Venkata Krishnan Sowrirajan

Architect, LinkedIn

Venkata is a Senior Software Engineer at LinkedIn working on a big data platform based on Apache Spark. Previously worked at Qubole building big data platforms primarily on public service clouds using Apache Spark. Before starting to work in the industry, graduated from Arizona State University with an MS in Computer Science.

Past sessions

Apache Spark has the ‘speculative execution’ feature to handle the slow tasks in a stage due to environment issues like slow network, disk etc. If one task is running slowly in a stage, Spark driver can launch a speculation task for it on a different host.  Between the regular task and its speculation task, Spark system will later take the result from the first successfully completed task and kill the slower one.

 

When we first enabled the speculation feature for all Spark applications by default on a large cluster of 10K+ nodes at LinkedIn, we observed that the default values set for Spark’s speculation configuration parameters did not work well for LinkedIn’s batch jobs. For example, the system launched too many fruitless speculation tasks (i.e. tasks that were killed later).  Besides, the speculation tasks did not help shorten the shuffle stages. In order to reduce the number of fruitless speculation tasks, we tried to find out the root cause, enhanced Spark engine, and tuned the speculation parameters carefully. We analyzed the number of speculation tasks launched, number of fruitful versus fruitless speculation tasks, and their corresponding cpu-memory resource consumption in terms of gigabytes-hours.  We were able to reduce the average job response times by 13%, decrease the standard deviation of job elapsed times by 40%, and lower total resource consumption by 24% in a heavily utilized multi-tenant environment on a large cluster.  In this talk, we will share our experience on enabling the speculative execution to achieve good job elapsed time reduction at the same time keeping a minimal overhead.

In this session watch:
Venkata Krishnan Sowrirajan, Architect, LinkedIn
Ron Hu, Senior Staff Software Engineer, LinkedIn

[daisna21-sessions-od]

Summit Europe 2019 Downscaling: The Achilles heel of Autoscaling Apache Spark Clusters

October 15, 2019 05:00 PM PT

Adding nodes at runtime (Upscale) to already running Spark-on-Yarn clusters is fairly easy. But taking away these nodes (Downscale) when the workload is low at some later point of time is a difficult problem. To remove a node from a running cluster, we need to make sure that it is not used for compute as well as storage.

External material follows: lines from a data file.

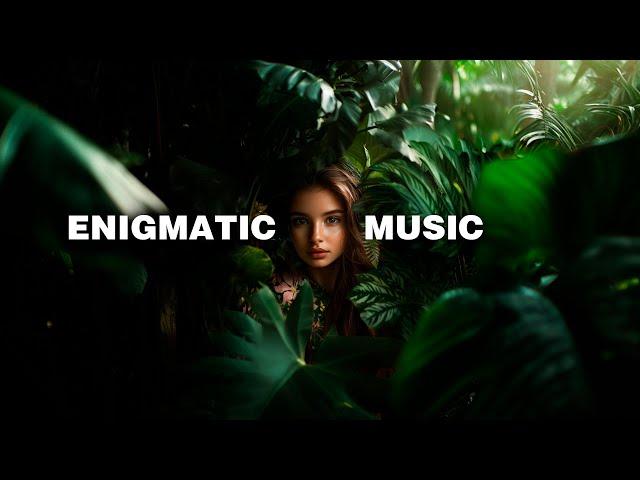 Relaxing Hang Drum Mix  Enigmatic  Shofik-Feel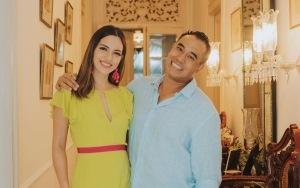Nia Ramadhani Tertawa Renyah Dengar Pantun Gombalan Ardi Bakrie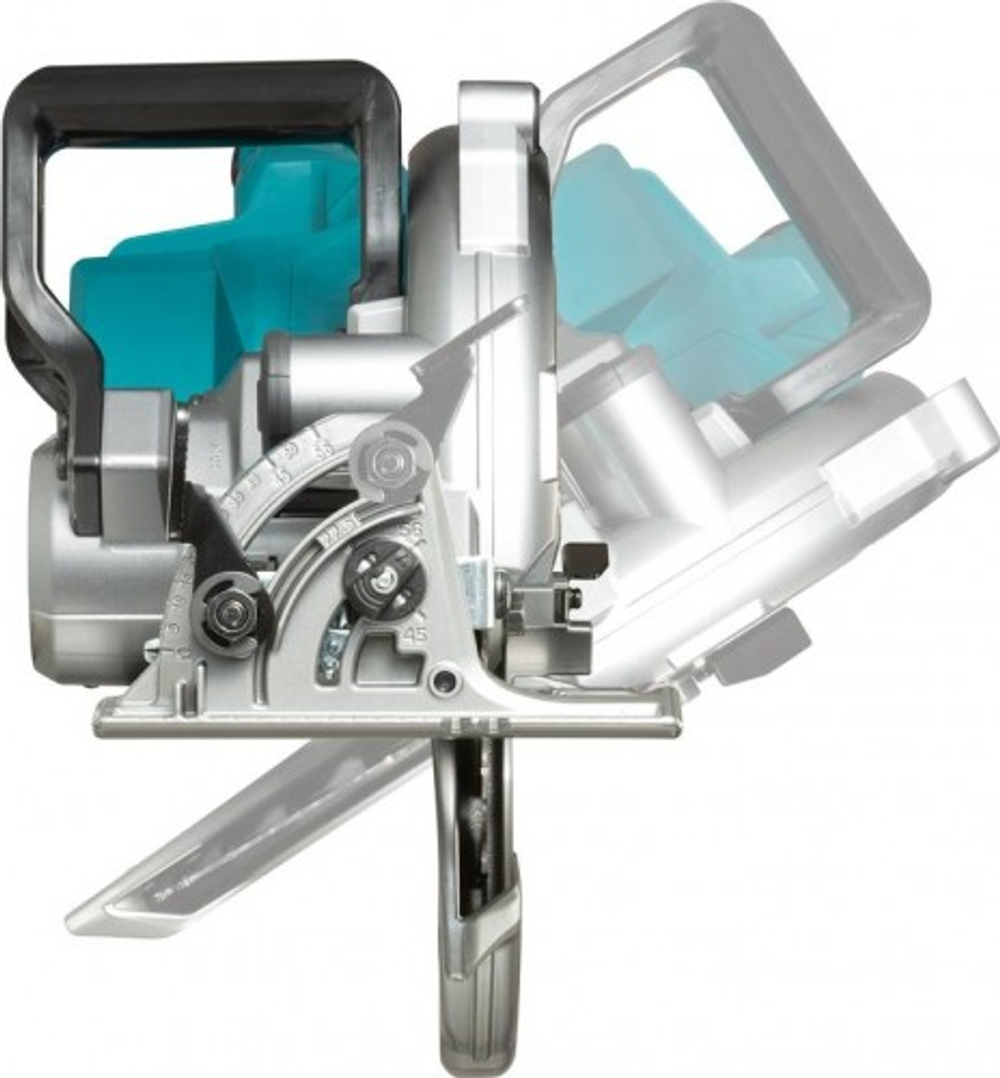 Пила циркулярная аккумуляторная MAKITA RS 002 GZ без АКБ и ЗУ RS002GZ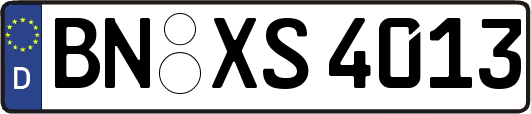 BN-XS4013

But on production workloads, we see that many of the nodes can't be taken away because:

  1. Nodes are running some containers although they are not fully utilized i.e., containers are fragmented on different nodes. Example. - each node is running 1-2 containers/executors although they have resources to run 4 containers.
  2. Nodes have some shuffle data in the local disk which will be consumed by Spark application running on this cluster later. In this case, the Resource Manager will never decide to reclaim these nodes because losing shuffle data could lead to costly recomputation of stages.

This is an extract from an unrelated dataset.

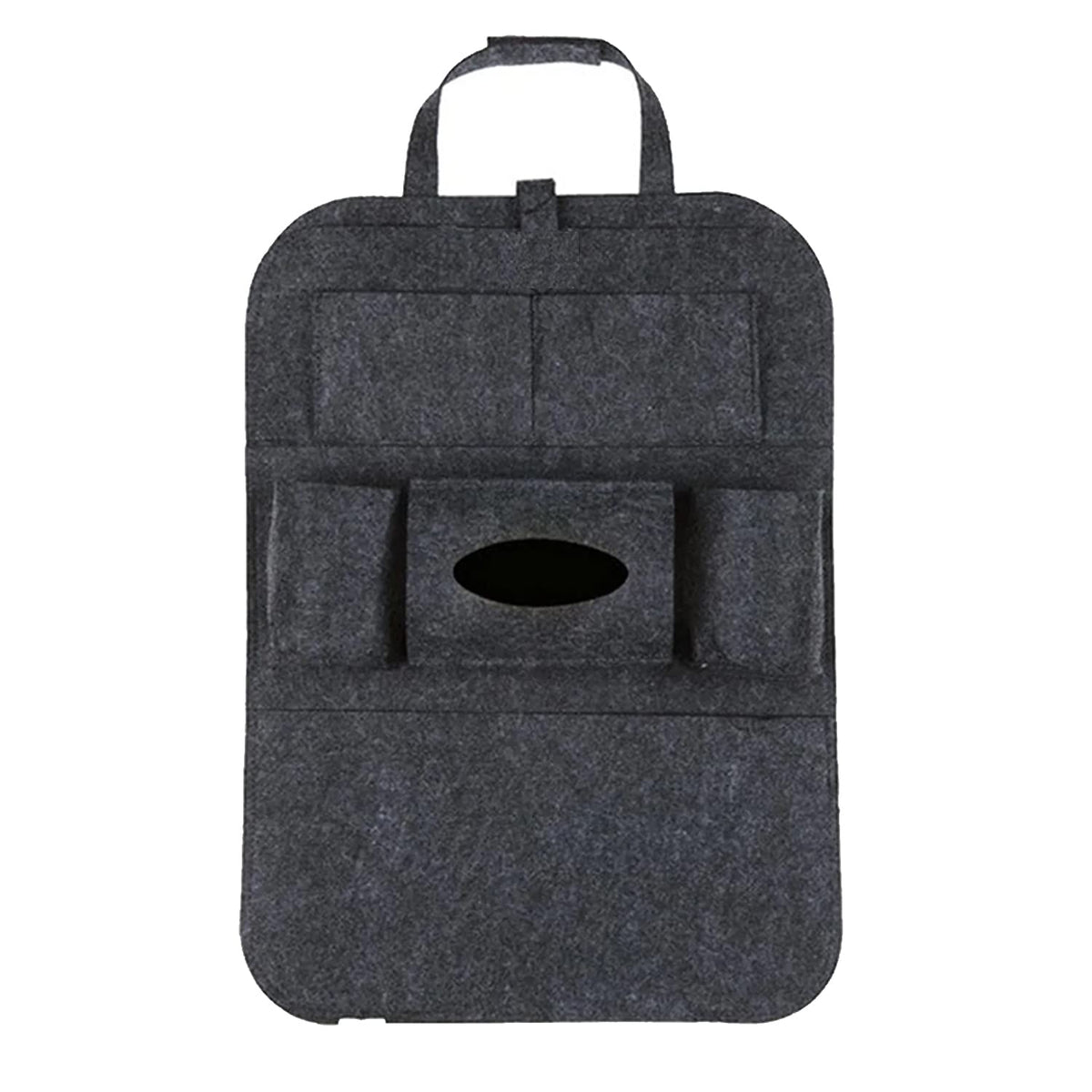 Multi pocket deals storage bag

In this talk, we will talk about how we can improve downscaling in Spark-on-YARN clusters under the presence of such constraints. We will cover changes in scheduling strategy for container allocation in YARN and Spark task scheduler which together helps us achieve better packing of containers. This makes sure that containers are defragmented on fewer set of nodes and thus some nodes don't have any compute. In addition to this, we will also cover enhancements to Spark driver and External Shuffle Service (ESS) which helps us to proactively delete shuffle data which we already know has been consumed. This makes sure that nodes are not holding any unnecessary shuffle data - thus freeing them from storage and hence available for reclamation for faster downscaling.